[Saved entries]

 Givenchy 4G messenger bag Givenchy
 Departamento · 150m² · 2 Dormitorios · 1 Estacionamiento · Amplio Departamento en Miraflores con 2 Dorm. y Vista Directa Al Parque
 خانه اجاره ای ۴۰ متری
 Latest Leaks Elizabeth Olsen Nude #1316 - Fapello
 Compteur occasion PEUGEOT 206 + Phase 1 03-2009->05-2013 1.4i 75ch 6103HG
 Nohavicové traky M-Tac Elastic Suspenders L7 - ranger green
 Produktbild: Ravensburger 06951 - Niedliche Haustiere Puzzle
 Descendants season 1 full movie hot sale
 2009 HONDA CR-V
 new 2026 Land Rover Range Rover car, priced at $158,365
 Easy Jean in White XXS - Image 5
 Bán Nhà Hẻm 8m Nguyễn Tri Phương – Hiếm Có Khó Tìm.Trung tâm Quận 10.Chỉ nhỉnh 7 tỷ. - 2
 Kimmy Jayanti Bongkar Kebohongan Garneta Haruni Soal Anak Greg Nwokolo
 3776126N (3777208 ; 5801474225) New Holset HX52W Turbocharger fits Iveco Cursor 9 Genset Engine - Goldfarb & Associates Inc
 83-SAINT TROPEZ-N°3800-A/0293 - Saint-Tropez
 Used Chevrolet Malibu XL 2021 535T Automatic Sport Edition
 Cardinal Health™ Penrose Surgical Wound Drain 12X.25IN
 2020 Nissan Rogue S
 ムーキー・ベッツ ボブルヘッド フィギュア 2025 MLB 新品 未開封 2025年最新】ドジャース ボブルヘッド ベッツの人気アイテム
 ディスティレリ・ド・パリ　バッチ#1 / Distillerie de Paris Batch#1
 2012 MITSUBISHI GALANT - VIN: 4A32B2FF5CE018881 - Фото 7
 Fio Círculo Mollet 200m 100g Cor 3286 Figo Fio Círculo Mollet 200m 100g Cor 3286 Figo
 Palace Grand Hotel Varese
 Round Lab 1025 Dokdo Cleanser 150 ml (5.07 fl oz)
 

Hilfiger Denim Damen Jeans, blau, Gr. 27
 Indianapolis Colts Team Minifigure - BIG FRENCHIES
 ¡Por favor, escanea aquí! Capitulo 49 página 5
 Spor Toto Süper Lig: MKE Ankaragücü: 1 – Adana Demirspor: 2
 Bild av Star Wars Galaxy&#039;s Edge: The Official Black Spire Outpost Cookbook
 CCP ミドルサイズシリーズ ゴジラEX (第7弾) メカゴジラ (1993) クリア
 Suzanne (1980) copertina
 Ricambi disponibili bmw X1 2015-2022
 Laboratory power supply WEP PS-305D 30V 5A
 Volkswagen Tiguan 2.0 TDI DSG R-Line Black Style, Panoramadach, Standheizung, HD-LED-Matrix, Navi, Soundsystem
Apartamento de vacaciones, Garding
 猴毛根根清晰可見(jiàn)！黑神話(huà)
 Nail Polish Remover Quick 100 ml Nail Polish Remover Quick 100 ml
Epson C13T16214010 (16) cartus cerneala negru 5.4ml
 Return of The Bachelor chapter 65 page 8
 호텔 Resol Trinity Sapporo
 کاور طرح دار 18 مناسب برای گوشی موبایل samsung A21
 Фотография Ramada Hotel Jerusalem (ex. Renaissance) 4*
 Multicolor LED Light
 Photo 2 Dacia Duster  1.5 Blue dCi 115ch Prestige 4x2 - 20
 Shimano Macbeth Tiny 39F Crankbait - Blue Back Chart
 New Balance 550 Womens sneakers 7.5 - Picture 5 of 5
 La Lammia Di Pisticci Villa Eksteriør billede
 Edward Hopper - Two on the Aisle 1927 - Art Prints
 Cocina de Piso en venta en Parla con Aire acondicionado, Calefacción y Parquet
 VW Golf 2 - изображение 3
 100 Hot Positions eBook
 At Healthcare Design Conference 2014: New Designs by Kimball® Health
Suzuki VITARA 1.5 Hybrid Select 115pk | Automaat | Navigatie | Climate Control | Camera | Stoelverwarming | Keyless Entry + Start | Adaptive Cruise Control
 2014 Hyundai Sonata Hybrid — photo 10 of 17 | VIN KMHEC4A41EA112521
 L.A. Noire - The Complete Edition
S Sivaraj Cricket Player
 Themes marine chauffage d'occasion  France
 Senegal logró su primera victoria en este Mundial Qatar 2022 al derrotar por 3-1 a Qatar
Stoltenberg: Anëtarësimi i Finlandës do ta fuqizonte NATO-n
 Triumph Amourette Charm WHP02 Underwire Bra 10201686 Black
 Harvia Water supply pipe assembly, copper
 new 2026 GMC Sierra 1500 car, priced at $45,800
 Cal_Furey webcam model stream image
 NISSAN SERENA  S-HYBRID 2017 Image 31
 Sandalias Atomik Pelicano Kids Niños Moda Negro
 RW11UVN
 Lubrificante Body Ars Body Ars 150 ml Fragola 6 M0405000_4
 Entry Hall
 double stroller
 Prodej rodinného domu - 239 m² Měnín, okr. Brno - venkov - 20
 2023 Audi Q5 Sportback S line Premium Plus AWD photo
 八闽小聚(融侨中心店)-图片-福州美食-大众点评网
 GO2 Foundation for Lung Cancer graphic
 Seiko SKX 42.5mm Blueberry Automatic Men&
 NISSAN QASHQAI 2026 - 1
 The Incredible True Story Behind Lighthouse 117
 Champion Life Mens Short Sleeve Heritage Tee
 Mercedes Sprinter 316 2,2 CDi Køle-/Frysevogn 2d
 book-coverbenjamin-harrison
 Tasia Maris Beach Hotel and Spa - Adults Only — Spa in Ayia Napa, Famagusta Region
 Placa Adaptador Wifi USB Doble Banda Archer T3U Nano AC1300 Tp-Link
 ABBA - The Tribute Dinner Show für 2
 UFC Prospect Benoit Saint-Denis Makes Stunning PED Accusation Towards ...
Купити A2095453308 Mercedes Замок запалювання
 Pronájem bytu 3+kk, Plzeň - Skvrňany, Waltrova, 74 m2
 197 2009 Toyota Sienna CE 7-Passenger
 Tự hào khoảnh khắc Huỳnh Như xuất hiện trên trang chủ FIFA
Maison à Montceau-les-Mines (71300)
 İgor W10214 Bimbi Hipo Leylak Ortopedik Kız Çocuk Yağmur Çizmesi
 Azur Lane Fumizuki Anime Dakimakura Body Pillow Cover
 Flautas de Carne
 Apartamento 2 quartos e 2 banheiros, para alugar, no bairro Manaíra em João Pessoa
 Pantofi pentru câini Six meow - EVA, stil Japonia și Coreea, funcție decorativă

● What needs to be done:
Pull out each record as written and restate it exactly.

● Exercise output:
 Givenchy 4G messenger bag Givenchy
 Departamento · 150m² · 2 Dormitorios · 1 Estacionamiento · Amplio Departamento en Miraflores con 2 Dorm. y Vista Directa Al Parque
 خانه اجاره ای ۴۰ متری
 Latest Leaks Elizabeth Olsen Nude #1316 - Fapello
 Compteur occasion PEUGEOT 206 + Phase 1 03-2009->05-2013 1.4i 75ch 6103HG
 Nohavicové traky M-Tac Elastic Suspenders L7 - ranger green
 Produktbild: Ravensburger 06951 - Niedliche Haustiere Puzzle
 Descendants season 1 full movie hot sale
 2009 HONDA CR-V
 new 2026 Land Rover Range Rover car, priced at $158,365
 Easy Jean in White XXS - Image 5
 Bán Nhà Hẻm 8m Nguyễn Tri Phương – Hiếm Có Khó Tìm.Trung tâm Quận 10.Chỉ nhỉnh 7 tỷ. - 2
 Kimmy Jayanti Bongkar Kebohongan Garneta Haruni Soal Anak Greg Nwokolo
 3776126N (3777208 ; 5801474225) New Holset HX52W Turbocharger fits Iveco Cursor 9 Genset Engine - Goldfarb & Associates Inc
 83-SAINT TROPEZ-N°3800-A/0293 - Saint-Tropez
 Used Chevrolet Malibu XL 2021 535T Automatic Sport Edition
 Cardinal Health™ Penrose Surgical Wound Drain 12X.25IN
 2020 Nissan Rogue S
 ムーキー・ベッツ ボブルヘッド フィギュア 2025 MLB 新品 未開封 2025年最新】ドジャース ボブルヘッド ベッツの人気アイテム
 ディスティレリ・ド・パリ　バッチ#1 / Distillerie de Paris Batch#1
 2012 MITSUBISHI GALANT - VIN: 4A32B2FF5CE018881 - Фото 7
 Fio Círculo Mollet 200m 100g Cor 3286 Figo Fio Círculo Mollet 200m 100g Cor 3286 Figo
 Palace Grand Hotel Varese
 Round Lab 1025 Dokdo Cleanser 150 ml (5.07 fl oz)
 

Hilfiger Denim Damen Jeans, blau, Gr. 27
 Indianapolis Colts Team Minifigure - BIG FRENCHIES
 ¡Por favor, escanea aquí! Capitulo 49 página 5
 Spor Toto Süper Lig: MKE Ankaragücü: 1 – Adana Demirspor: 2
 Bild av Star Wars Galaxy&#039;s Edge: The Official Black Spire Outpost Cookbook
 CCP ミドルサイズシリーズ ゴジラEX (第7弾) メカゴジラ (1993) クリア
 Suzanne (1980) copertina
 Ricambi disponibili bmw X1 2015-2022
 Laboratory power supply WEP PS-305D 30V 5A
 Volkswagen Tiguan 2.0 TDI DSG R-Line Black Style, Panoramadach, Standheizung, HD-LED-Matrix, Navi, Soundsystem
Apartamento de vacaciones, Garding
 猴毛根根清晰可見(jiàn)！黑神話(huà)
 Nail Polish Remover Quick 100 ml Nail Polish Remover Quick 100 ml
Epson C13T16214010 (16) cartus cerneala negru 5.4ml
 Return of The Bachelor chapter 65 page 8
 호텔 Resol Trinity Sapporo
 کاور طرح دار 18 مناسب برای گوشی موبایل samsung A21
 Фотография Ramada Hotel Jerusalem (ex. Renaissance) 4*
 Multicolor LED Light
 Photo 2 Dacia Duster  1.5 Blue dCi 115ch Prestige 4x2 - 20
 Shimano Macbeth Tiny 39F Crankbait - Blue Back Chart
 New Balance 550 Womens sneakers 7.5 - Picture 5 of 5
 La Lammia Di Pisticci Villa Eksteriør billede
 Edward Hopper - Two on the Aisle 1927 - Art Prints
 Cocina de Piso en venta en Parla con Aire acondicionado, Calefacción y Parquet
 VW Golf 2 - изображение 3
 100 Hot Positions eBook
 At Healthcare Design Conference 2014: New Designs by Kimball® Health
Suzuki VITARA 1.5 Hybrid Select 115pk | Automaat | Navigatie | Climate Control | Camera | Stoelverwarming | Keyless Entry + Start | Adaptive Cruise Control
 2014 Hyundai Sonata Hybrid — photo 10 of 17 | VIN KMHEC4A41EA112521
 L.A. Noire - The Complete Edition
S Sivaraj Cricket Player
 Themes marine chauffage d'occasion  France
 Senegal logró su primera victoria en este Mundial Qatar 2022 al derrotar por 3-1 a Qatar
Stoltenberg: Anëtarësimi i Finlandës do ta fuqizonte NATO-n
 Triumph Amourette Charm WHP02 Underwire Bra 10201686 Black
 Harvia Water supply pipe assembly, copper
 new 2026 GMC Sierra 1500 car, priced at $45,800
 Cal_Furey webcam model stream image
 NISSAN SERENA  S-HYBRID 2017 Image 31
 Sandalias Atomik Pelicano Kids Niños Moda Negro
 RW11UVN
 Lubrificante Body Ars Body Ars 150 ml Fragola 6 M0405000_4
 Entry Hall
 double stroller
 Prodej rodinného domu - 239 m² Měnín, okr. Brno - venkov - 20
 2023 Audi Q5 Sportback S line Premium Plus AWD photo
 八闽小聚(融侨中心店)-图片-福州美食-大众点评网
 GO2 Foundation for Lung Cancer graphic
 Seiko SKX 42.5mm Blueberry Automatic Men&
 NISSAN QASHQAI 2026 - 1
 The Incredible True Story Behind Lighthouse 117
 Champion Life Mens Short Sleeve Heritage Tee
 Mercedes Sprinter 316 2,2 CDi Køle-/Frysevogn 2d
 book-coverbenjamin-harrison
 Tasia Maris Beach Hotel and Spa - Adults Only — Spa in Ayia Napa, Famagusta Region
 Placa Adaptador Wifi USB Doble Banda Archer T3U Nano AC1300 Tp-Link
 ABBA - The Tribute Dinner Show für 2
 UFC Prospect Benoit Saint-Denis Makes Stunning PED Accusation Towards ...
Купити A2095453308 Mercedes Замок запалювання
 Pronájem bytu 3+kk, Plzeň - Skvrňany, Waltrova, 74 m2
 197 2009 Toyota Sienna CE 7-Passenger
 Tự hào khoảnh khắc Huỳnh Như xuất hiện trên trang chủ FIFA
Maison à Montceau-les-Mines (71300)
 İgor W10214 Bimbi Hipo Leylak Ortopedik Kız Çocuk Yağmur Çizmesi
 Azur Lane Fumizuki Anime Dakimakura Body Pillow Cover
 Flautas de Carne
 Apartamento 2 quartos e 2 banheiros, para alugar, no bairro Manaíra em João Pessoa
 Pantofi pentru câini Six meow - EVA, stil Japonia și Coreea, funcție decorativă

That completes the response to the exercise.